■ TRY IT ■
Skip the pictures, please, and write out exactly every line from the one containing "balcony with a community pool" through the end of the listing below.

■ STORED DATA ■
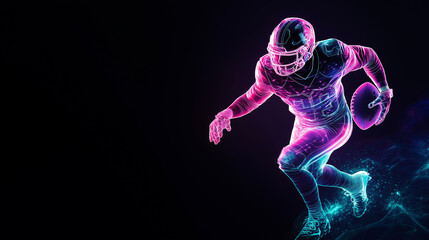A striking neon illustration of an American football player running with the ball, surrounded by glowing pink and blue light effects, capturing energy, speed, and the excitement of the game."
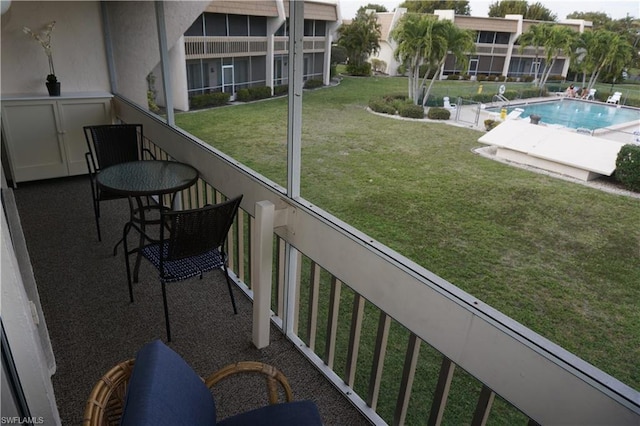 balcony with a community pool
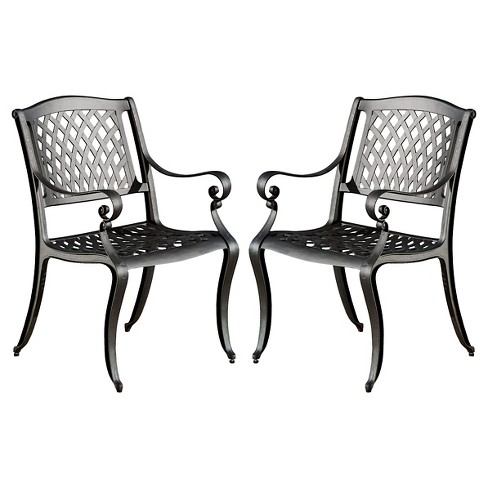 Hallandale Set Of 2 Cast Aluminum Patio Chairs Black Sand Christopher Knight Home Target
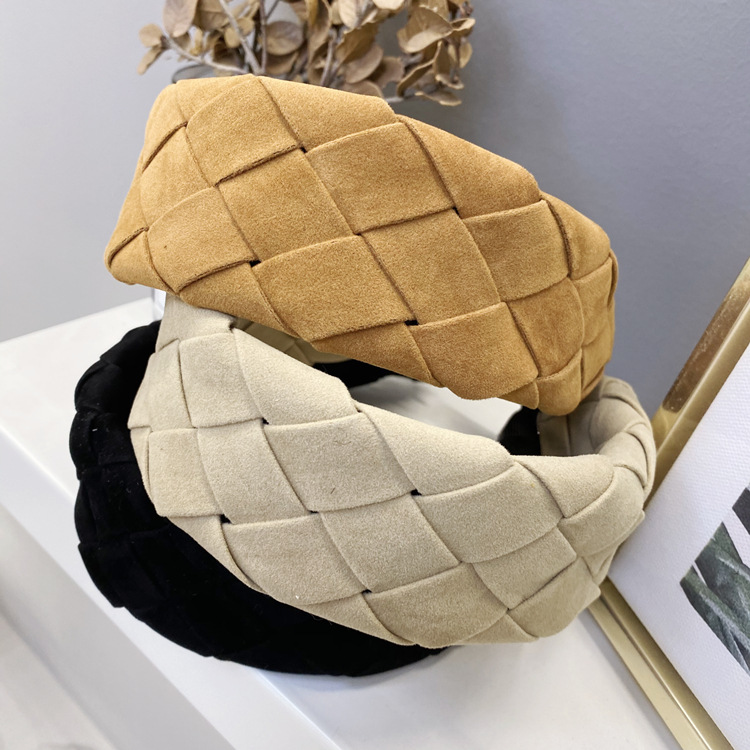 Flannel Woven Wide-brimmed Headband display picture 5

■ TASK SOLUTION ■
 balcony with a community pool
 Hallandale Set Of 2 Cast Aluminum Patio Chairs Black Sand Christopher Knight Home Target
 Flannel Woven Wide-brimmed Headband display picture 5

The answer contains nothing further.